Die bri­ti­sche Re­gie­rung ließ die größ­te Rück­hol­ak­ti­on in Frie­dens­zei­ten an­lau­fen. "Wir wer­den je­den nach Hau­se brin­gen", kün­dig­te Ver­kehrs­mi­nis­ter Grant Sh­apps auf Twit­ter an. Mit dem deut­schen Rei­se­ver­an­stal­ter von Tho­mas Cook sind nach Un­ter­neh­mens­an­ga­ben der­zeit 140.000 Gäs­te un­ter­wegs. Am Mon­tag und Diens­tag soll­ten 21.000 Men­schen ab­rei­sen. Die deut­sche Toch­ter Con­dor hält den Flug­be­trieb aber auf­recht.

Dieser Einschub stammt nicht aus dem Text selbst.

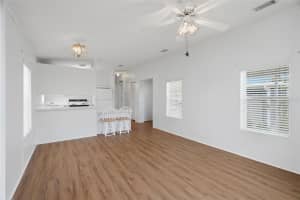 6826 MOUNT ORANGE DRIVE, ST PETERSBURG, FL 33702 - MLS#MFRTB8520165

Zu­vor wa­ren die Be­mü­hun­gen um ei­ne Ret­tung des an­ge­schla­ge­nen Kon­zerns ge­schei­tert. Die bri­ti­sche Re­gie­rung lehn­te ei­ne Fi­nan­zie­rungs­bit­te über 150 Mil­lio­nen Pfund (knapp 170 Mio EUR) ab. "Das ist na­tür­lich ei­ne Men­ge Steu­er­geld und stellt, wie die Men­schen an­er­ken­nen wer­den, ei­ne mo­ra­li­sche Ge­fahr für den Fall dar, dass Un­ter­neh­men künf­tig mit sol­chen wirt­schaft­li­chen Schwie­rig­kei­ten kon­fron­tiert wer­den", sag­te John­son noch vor der Be­triebs­ein­stel­lung.

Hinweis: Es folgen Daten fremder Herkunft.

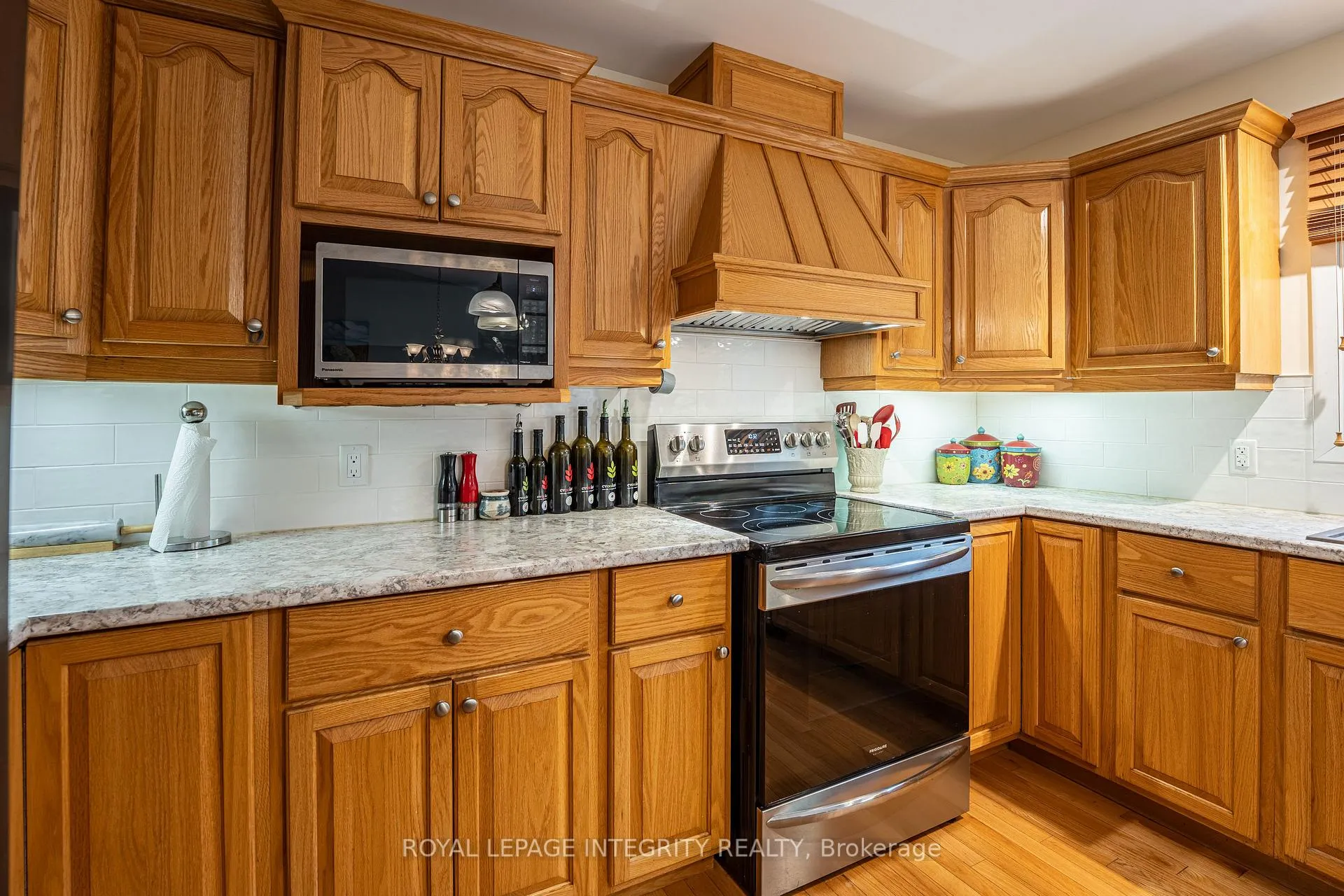 Photo 12 of 4 Cherry Avenue, South Stormont, Long Sault — HOMEH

Die Trans­port­ge­werk­schaft TSSA mach­te die Re­gie­rung da­für ver­ant­wort­lich, dass die welt­weit 21.000 Mit­ar­bei­ter, da­von 9.000 in Groß­bri­tan­ni­en, ih­re Jobs ver­lie­ren. "Dass sie (die Re­gie­rung) un­se­re Mit­glie­der lie­ber hän­gen las­sen als Tho­mas Cook zu ret­ten, ist be­schä­mend und falsch", sag­te Ge­werk­schafts­chef Ma­nu­el Cor­tes ei­ner Mit­tei­lung zu­fol­ge.

Das Un­ter­neh­men stell­te ei­nen In­sol­venz­an­trag, wie der zweit­größ­te Rei­se­kon­zern Eu­ro­pas am Mon­tag­mor­gen auf sei­ner Web­site mit­teil­te. Der Flug­be­trieb in Groß­bri­tan­ni­en wur­de nach An­ga­ben der bri­ti­schen Luft­fahrt­be­hör­de CAA mit so­for­ti­ger Wir­kung ein­ge­stellt. Pe­ter Fank­hau­ser, der Chef von Tho­mas Cook, be­zeich­ne­te das Schei­tern der Be­mü­hun­gen zur Ret­tung des Tou­ris­tik­kon­zerns als "ver­hee­rend" be­zeich­net. Noch bis Sonn­tag­abend war mit In­ves­to­ren über ei­ne zu­sätz­li­che Fi­nan­zie­rung in Hö­he von 200 Mil­lio­nen Pfund (226 Mio EUR) ver­han­delt wor­den. Der chi­ne­si­sche Mehr­heits­eig­ner Fo­sun zeig­te sich "ent­täuscht".

Der Fe­ri­en­flie­ger Con­dor ist nicht von der Ein­stel­lung des Flug­be­triebs be­trof­fen. "Wir füh­ren den Flug­be­trieb ganz re­gu­lär fort", sag­te ei­ne Con­dor-Spre­che­rin der Deut­schen Pres­se-Agen­tur. Na­tür­lich ge­be es be­sorg­te Kun­den, die sich bei dem Fe­ri­en­flie­ger te­le­fo­nisch mel­de­ten. "Es ist toll, un­se­ren Kun­den sa­gen zu kön­nen, dass wir wei­ter flie­gen und dass der Flug nor­mal geht", sag­te sie.

Die deut­schen Ver­an­stal­ter­töch­ter, zu de­nen Mar­ken wie Ne­cker­mann Rei­sen, Bu­cher Last Mi­nu­te, Öger Tours, Air Ma­rin und Tho­mas Cook Si­gna­tu­re ge­hö­ren, ha­ben den Ver­kauf von Rei­sen nach ei­ge­nen An­ga­ben kom­plett ge­stoppt. Man kön­ne nicht ge­währ­leis­ten, dass ge­buch­te Rei­sen mit Ab­rei­se­da­tum 23. und 24. Sep­tem­ber statt­fin­den, teil­te Tho­mas Cook GmbH am Mor­gen in Ober­ur­sel bei Frank­furt mit.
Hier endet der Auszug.